What I hope for is that everyone brushes twice a day with a fluoride toothpaste, flosses at least daily and watches their acid intake and tooth exposure to sugars. But I know not everyone follows all those rules. Some people come in, they never floss but have no tartar buildup to speak of… but they always get cavities. Some people never floss, brush sometimes but never get cavities!… but then all of a sudden we’re telling them that they have periodontal disease and are losing bone. Why is this?
It has a lot to do with the balance of pH in your saliva!
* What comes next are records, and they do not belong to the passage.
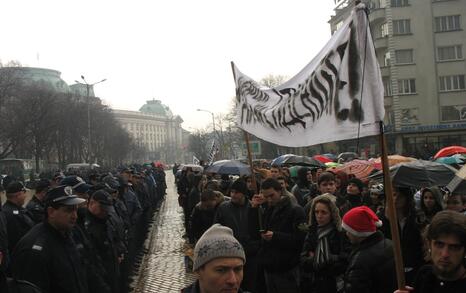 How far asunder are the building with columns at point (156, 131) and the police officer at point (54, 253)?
14880 cm

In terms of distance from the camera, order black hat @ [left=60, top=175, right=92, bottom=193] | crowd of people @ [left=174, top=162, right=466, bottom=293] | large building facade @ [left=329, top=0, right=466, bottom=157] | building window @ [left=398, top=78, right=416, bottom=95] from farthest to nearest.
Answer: building window @ [left=398, top=78, right=416, bottom=95] < large building facade @ [left=329, top=0, right=466, bottom=157] < black hat @ [left=60, top=175, right=92, bottom=193] < crowd of people @ [left=174, top=162, right=466, bottom=293]

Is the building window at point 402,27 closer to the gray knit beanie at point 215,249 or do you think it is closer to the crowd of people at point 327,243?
the crowd of people at point 327,243

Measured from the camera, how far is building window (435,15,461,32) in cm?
5181

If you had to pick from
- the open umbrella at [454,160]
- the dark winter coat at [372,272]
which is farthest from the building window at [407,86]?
the dark winter coat at [372,272]

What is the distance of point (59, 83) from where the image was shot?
290ft

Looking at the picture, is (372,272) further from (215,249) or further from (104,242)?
(104,242)

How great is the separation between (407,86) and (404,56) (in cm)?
303

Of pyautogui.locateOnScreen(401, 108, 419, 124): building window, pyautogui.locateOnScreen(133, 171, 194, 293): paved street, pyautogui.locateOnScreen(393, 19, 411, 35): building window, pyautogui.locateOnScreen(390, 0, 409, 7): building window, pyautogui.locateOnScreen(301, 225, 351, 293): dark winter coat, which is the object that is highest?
pyautogui.locateOnScreen(390, 0, 409, 7): building window

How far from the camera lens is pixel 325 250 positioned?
5.14 m

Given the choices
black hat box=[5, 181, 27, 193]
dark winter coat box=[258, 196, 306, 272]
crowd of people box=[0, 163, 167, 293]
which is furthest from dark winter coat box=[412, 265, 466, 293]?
black hat box=[5, 181, 27, 193]

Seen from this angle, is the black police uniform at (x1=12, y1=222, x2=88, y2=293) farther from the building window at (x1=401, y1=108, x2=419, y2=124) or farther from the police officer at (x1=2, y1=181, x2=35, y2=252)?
the building window at (x1=401, y1=108, x2=419, y2=124)

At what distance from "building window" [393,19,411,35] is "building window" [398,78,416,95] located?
187 inches

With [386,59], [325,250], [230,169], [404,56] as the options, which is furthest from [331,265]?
[386,59]

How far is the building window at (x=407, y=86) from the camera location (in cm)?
5244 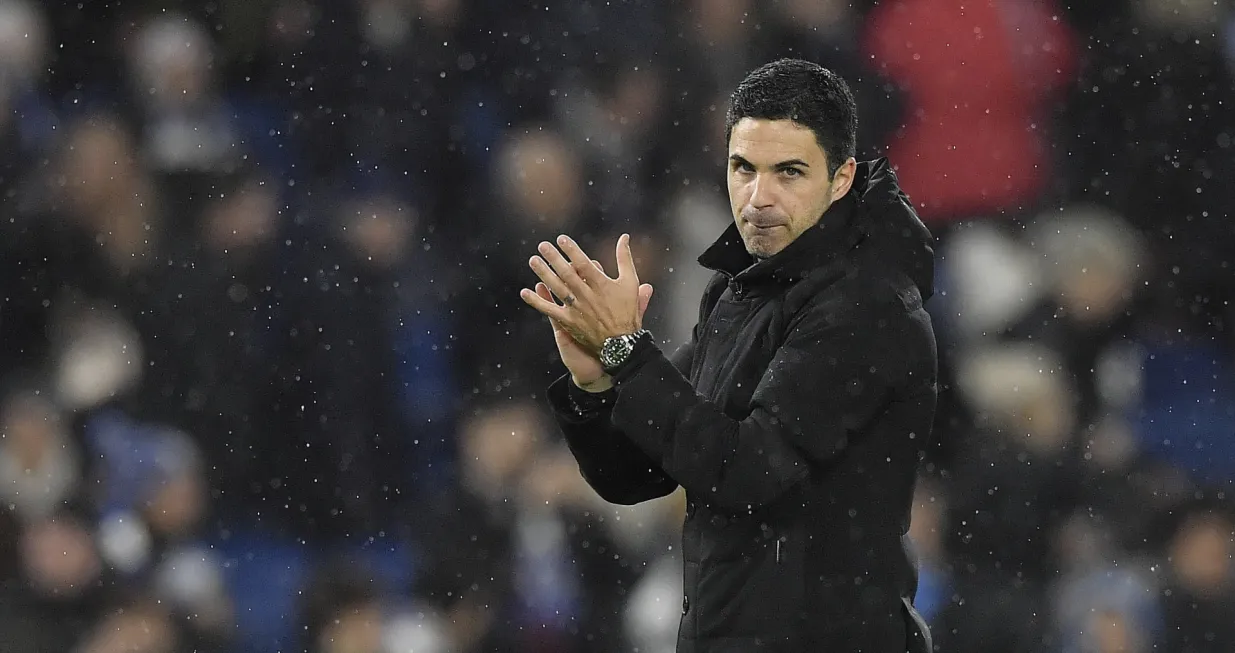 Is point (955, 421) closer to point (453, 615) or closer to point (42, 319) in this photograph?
point (453, 615)

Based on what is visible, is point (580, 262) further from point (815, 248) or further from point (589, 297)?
point (815, 248)

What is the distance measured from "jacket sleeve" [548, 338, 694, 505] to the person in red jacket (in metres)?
1.56

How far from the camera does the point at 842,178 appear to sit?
1613 mm

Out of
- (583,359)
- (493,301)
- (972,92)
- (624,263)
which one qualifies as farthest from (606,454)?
(972,92)

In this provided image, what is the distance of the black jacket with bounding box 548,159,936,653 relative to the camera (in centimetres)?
146

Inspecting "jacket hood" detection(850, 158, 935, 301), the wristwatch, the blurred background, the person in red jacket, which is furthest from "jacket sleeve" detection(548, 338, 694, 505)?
the person in red jacket

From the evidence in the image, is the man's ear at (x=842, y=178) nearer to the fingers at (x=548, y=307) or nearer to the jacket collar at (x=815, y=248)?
the jacket collar at (x=815, y=248)

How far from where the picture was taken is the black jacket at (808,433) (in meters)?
1.46

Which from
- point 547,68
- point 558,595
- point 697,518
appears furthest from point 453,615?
point 697,518

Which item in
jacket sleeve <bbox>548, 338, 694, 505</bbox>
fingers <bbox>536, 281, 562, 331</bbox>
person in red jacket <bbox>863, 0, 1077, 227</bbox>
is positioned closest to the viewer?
fingers <bbox>536, 281, 562, 331</bbox>

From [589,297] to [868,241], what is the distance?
32 centimetres

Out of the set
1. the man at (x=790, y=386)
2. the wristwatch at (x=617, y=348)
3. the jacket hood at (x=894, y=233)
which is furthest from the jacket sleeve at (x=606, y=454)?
the jacket hood at (x=894, y=233)

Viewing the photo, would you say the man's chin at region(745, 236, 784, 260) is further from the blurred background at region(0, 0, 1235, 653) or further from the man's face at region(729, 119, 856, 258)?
the blurred background at region(0, 0, 1235, 653)

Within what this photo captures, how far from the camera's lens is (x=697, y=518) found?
A: 5.26 ft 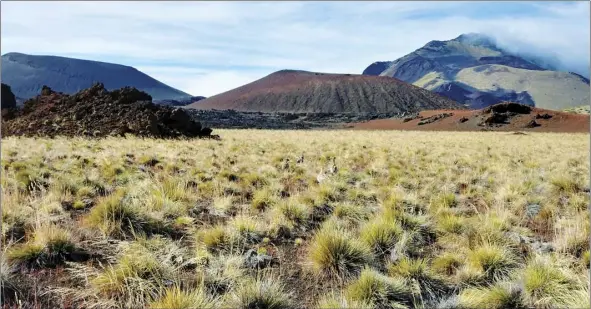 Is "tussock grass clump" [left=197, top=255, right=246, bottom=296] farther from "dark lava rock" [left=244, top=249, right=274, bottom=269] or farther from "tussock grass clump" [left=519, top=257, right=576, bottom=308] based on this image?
"tussock grass clump" [left=519, top=257, right=576, bottom=308]

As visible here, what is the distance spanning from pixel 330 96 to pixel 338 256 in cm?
12122

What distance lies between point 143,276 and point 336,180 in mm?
6062

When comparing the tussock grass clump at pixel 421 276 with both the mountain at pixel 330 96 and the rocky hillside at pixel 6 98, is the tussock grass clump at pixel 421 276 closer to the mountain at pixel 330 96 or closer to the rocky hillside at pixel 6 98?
the rocky hillside at pixel 6 98

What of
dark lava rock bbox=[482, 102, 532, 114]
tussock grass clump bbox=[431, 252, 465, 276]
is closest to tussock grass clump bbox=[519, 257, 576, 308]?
→ tussock grass clump bbox=[431, 252, 465, 276]

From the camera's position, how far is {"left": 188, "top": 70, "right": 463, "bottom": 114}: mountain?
11731 cm

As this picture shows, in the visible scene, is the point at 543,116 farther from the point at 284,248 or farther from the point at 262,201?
the point at 284,248

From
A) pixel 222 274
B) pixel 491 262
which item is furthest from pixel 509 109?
pixel 222 274

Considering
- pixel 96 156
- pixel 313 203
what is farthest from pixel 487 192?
pixel 96 156

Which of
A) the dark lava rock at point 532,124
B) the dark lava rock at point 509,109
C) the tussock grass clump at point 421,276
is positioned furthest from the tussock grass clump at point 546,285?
the dark lava rock at point 509,109

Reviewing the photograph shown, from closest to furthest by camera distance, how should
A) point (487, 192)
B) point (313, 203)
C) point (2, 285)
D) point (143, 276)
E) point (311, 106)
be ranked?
point (2, 285)
point (143, 276)
point (313, 203)
point (487, 192)
point (311, 106)

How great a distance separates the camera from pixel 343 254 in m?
4.23

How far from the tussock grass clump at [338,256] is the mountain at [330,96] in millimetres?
109058

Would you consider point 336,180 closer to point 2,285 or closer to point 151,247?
point 151,247

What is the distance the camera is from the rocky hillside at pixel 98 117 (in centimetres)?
2145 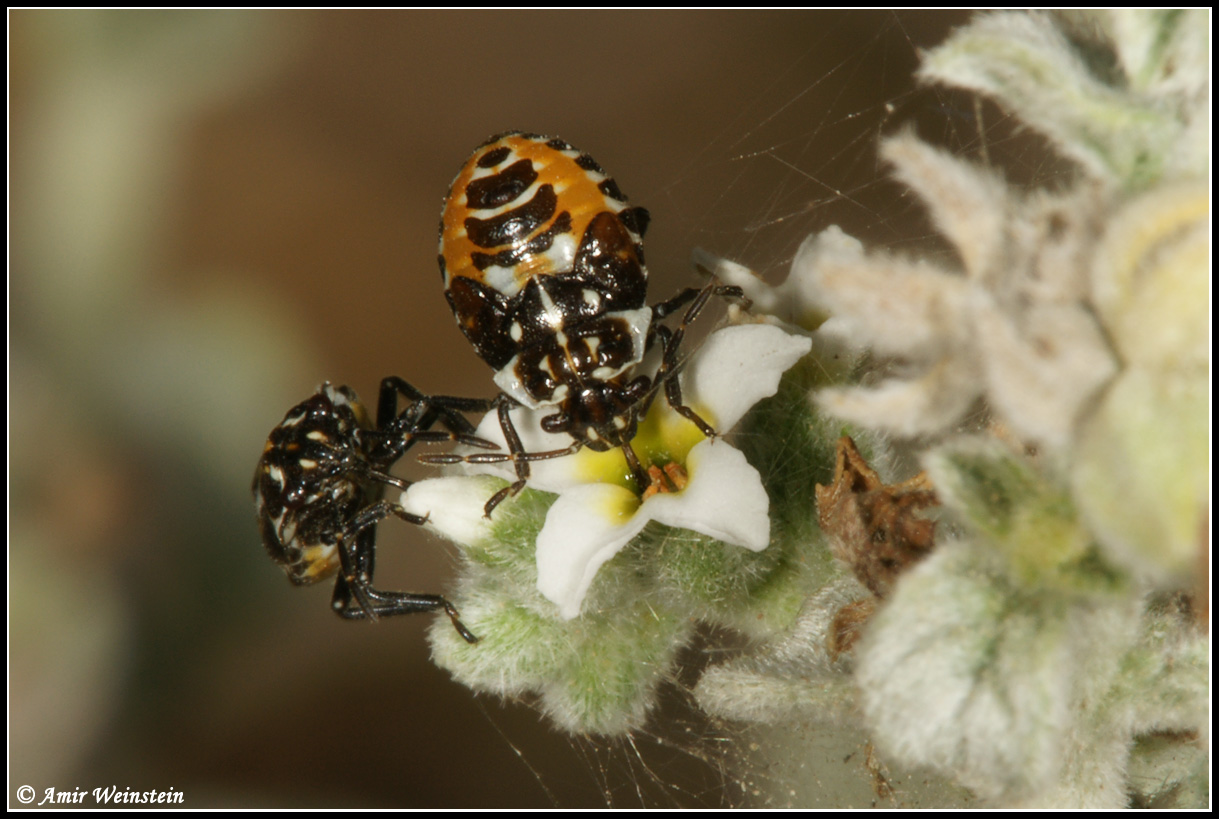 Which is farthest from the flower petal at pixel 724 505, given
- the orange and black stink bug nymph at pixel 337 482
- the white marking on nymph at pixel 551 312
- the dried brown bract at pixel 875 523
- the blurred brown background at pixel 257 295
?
A: the blurred brown background at pixel 257 295

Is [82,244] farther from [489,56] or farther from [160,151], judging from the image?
[489,56]

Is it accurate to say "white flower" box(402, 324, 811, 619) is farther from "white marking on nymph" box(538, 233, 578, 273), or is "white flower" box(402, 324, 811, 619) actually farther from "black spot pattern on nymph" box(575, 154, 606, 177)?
"black spot pattern on nymph" box(575, 154, 606, 177)

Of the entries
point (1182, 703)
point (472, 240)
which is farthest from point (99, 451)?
point (1182, 703)

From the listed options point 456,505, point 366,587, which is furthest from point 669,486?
point 366,587

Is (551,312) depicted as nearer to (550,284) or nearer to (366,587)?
(550,284)

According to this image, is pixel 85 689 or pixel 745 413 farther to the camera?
pixel 85 689

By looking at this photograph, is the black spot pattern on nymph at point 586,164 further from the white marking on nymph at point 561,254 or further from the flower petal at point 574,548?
the flower petal at point 574,548

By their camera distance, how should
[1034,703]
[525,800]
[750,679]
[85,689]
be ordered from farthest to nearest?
[85,689]
[525,800]
[750,679]
[1034,703] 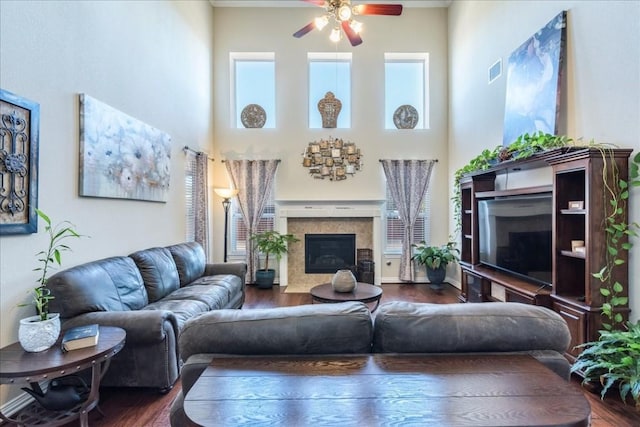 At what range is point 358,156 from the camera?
20.7ft

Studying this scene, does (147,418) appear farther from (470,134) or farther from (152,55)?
(470,134)

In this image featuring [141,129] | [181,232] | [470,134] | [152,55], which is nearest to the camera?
[141,129]

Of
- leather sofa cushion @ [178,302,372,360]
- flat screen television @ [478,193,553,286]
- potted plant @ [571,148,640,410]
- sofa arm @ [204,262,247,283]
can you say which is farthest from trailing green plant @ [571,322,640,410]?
sofa arm @ [204,262,247,283]

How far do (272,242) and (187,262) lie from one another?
1924mm

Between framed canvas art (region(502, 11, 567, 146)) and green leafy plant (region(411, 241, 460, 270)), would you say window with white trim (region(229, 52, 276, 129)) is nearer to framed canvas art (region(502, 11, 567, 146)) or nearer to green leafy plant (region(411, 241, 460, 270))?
green leafy plant (region(411, 241, 460, 270))

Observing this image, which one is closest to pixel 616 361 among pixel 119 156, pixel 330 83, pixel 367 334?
pixel 367 334

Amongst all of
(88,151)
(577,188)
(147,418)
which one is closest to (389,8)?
(577,188)

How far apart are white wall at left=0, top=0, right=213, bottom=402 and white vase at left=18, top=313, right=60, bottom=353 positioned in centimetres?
41

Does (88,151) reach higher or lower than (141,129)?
lower

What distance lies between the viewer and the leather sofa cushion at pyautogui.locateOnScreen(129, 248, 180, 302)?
3.35 meters

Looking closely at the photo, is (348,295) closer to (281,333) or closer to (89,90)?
(281,333)

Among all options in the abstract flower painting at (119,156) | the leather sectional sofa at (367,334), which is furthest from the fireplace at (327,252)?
the leather sectional sofa at (367,334)

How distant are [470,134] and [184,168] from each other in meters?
4.42

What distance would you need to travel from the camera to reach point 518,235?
3.67 m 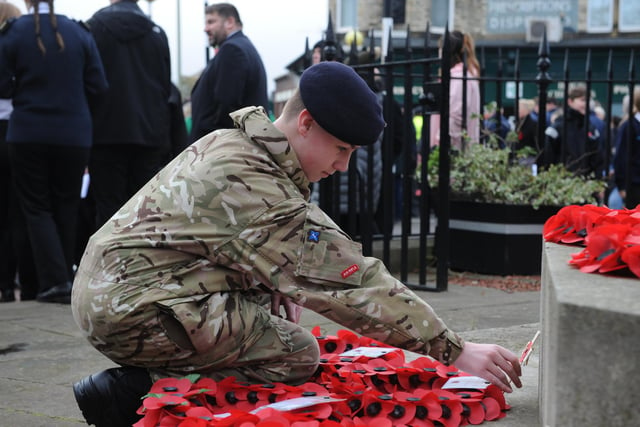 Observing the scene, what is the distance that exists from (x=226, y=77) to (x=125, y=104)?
2.12 ft

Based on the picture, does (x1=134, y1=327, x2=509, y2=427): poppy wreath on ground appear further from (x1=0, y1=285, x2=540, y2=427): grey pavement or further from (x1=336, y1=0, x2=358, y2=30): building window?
(x1=336, y1=0, x2=358, y2=30): building window

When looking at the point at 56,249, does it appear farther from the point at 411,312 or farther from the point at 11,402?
the point at 411,312

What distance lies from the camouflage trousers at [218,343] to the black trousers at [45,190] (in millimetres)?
2721

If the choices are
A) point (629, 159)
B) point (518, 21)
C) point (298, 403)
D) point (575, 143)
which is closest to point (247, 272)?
point (298, 403)

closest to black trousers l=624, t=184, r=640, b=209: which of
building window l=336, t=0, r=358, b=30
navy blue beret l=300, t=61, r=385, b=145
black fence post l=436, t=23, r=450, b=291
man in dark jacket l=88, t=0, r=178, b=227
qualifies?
black fence post l=436, t=23, r=450, b=291

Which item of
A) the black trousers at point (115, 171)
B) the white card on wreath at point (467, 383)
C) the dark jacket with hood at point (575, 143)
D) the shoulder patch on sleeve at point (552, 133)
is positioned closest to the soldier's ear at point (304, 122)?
A: the white card on wreath at point (467, 383)

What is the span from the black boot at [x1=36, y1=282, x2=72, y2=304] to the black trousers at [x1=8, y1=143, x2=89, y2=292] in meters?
0.03

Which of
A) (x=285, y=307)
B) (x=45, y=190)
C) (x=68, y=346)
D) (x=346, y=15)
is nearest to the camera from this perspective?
(x=285, y=307)

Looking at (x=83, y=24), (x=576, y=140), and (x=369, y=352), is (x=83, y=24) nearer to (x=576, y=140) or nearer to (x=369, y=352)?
(x=369, y=352)

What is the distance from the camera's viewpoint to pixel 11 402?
3.05 metres

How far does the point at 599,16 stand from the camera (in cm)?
2478

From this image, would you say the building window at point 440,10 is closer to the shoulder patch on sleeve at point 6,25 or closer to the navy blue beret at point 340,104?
the shoulder patch on sleeve at point 6,25

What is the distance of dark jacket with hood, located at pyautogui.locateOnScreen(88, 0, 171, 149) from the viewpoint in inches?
218

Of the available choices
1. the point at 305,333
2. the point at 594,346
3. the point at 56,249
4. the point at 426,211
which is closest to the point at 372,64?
the point at 426,211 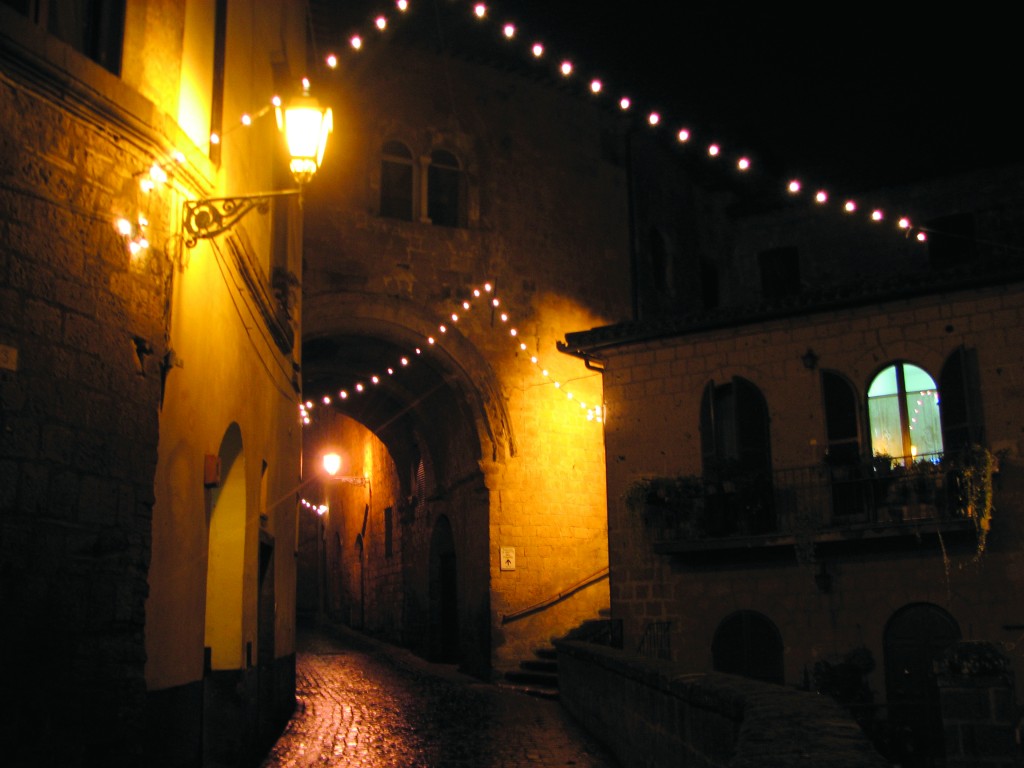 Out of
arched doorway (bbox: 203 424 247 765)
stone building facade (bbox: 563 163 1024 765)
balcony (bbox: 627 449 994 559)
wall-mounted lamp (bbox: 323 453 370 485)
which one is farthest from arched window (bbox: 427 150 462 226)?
arched doorway (bbox: 203 424 247 765)

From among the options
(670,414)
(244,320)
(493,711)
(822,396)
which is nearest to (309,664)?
(493,711)

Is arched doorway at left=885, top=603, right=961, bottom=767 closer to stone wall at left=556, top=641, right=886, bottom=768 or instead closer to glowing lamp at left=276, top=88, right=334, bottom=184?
stone wall at left=556, top=641, right=886, bottom=768

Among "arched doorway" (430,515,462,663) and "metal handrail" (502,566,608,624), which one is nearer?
"metal handrail" (502,566,608,624)

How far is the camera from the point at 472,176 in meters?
19.4

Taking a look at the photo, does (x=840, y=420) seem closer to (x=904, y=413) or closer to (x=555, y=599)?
(x=904, y=413)

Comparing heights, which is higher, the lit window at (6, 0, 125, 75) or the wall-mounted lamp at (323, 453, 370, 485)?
the lit window at (6, 0, 125, 75)

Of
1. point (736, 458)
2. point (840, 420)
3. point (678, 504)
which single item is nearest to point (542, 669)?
point (678, 504)

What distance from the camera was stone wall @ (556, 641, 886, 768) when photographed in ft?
12.9

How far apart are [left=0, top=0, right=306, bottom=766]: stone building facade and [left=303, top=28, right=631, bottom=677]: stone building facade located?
33.8 ft

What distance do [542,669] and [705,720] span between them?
11541 millimetres

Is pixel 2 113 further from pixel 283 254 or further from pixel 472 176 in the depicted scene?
pixel 472 176

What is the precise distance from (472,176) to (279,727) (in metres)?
11.1

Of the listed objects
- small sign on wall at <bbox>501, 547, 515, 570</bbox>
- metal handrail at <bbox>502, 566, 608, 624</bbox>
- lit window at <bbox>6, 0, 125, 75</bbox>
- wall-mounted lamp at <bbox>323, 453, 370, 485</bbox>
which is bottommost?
metal handrail at <bbox>502, 566, 608, 624</bbox>

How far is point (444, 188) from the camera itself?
63.4 ft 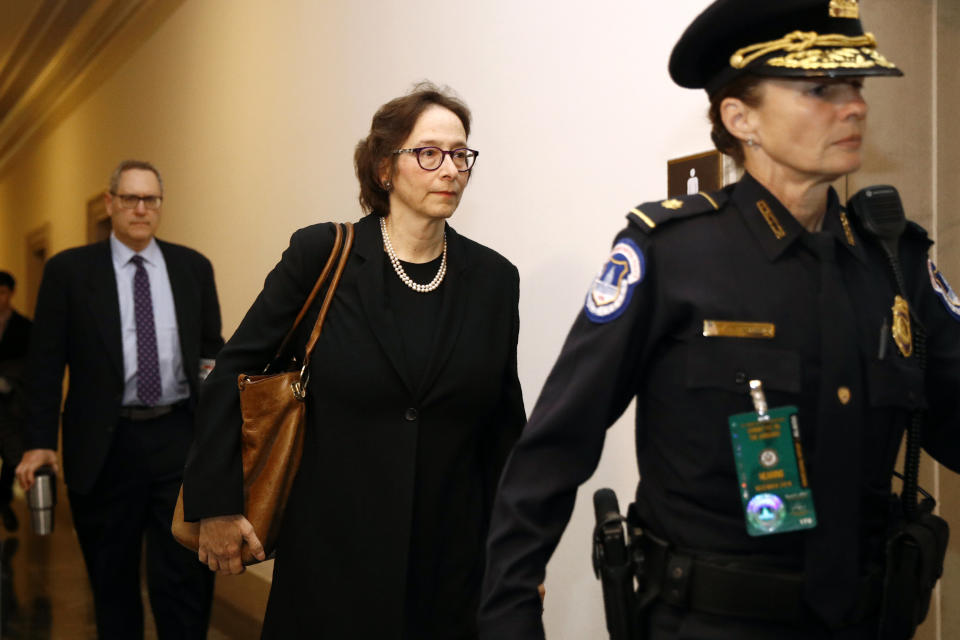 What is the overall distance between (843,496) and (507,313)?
48.7 inches

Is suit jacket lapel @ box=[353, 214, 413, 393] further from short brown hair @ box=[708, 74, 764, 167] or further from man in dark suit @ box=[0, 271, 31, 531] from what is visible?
man in dark suit @ box=[0, 271, 31, 531]

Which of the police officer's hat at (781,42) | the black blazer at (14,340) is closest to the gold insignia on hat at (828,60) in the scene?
the police officer's hat at (781,42)

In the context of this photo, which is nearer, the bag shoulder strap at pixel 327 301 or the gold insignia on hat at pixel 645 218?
the gold insignia on hat at pixel 645 218

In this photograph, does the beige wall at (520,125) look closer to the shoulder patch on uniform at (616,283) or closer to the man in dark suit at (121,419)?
the man in dark suit at (121,419)

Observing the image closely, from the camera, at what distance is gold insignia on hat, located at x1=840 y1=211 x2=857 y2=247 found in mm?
1552

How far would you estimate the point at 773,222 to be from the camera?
1520 mm

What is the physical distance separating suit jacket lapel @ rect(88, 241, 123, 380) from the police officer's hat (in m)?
2.79

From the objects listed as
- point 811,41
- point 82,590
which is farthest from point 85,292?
point 811,41

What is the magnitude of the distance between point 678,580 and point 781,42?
722 mm

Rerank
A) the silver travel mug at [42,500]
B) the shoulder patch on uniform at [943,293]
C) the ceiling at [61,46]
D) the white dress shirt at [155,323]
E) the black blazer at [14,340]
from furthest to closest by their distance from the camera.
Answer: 1. the ceiling at [61,46]
2. the black blazer at [14,340]
3. the white dress shirt at [155,323]
4. the silver travel mug at [42,500]
5. the shoulder patch on uniform at [943,293]

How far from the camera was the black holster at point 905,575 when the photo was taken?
1.44 meters

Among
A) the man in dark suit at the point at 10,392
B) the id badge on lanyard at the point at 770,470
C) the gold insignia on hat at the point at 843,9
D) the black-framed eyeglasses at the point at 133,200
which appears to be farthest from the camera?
the man in dark suit at the point at 10,392

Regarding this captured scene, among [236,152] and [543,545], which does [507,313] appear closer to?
[543,545]

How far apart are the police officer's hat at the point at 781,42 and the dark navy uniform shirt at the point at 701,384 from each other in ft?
0.57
People who tend to get cavities but not get any buildup on their teeth have more acidic saliva. So not getting any buildup is not necessarily a good sign (unless you’re actually really good at keeping your teeth clean). If you don’t get buildup but tend to get cavities then you should be taking extra steps to neutralize your saliva and add in more minerals. This involves, yes, using fluoride. But also doing things that will make your saliva less acidic, swishing with baking soda, avoiding acidic foods, eating foods that are good for your teeth such as hard cheese.
If you’re one of those people who never gets a cavity but tends to have a lot of stuff built-up on their teeth then it’s great that your saliva is more basic and tends to protect your teeth from decay. You’re just going to have to take care to not lose bone to periodontal disease. This means being really diligent about brushing and flossing, and never skipping your professional cleanings.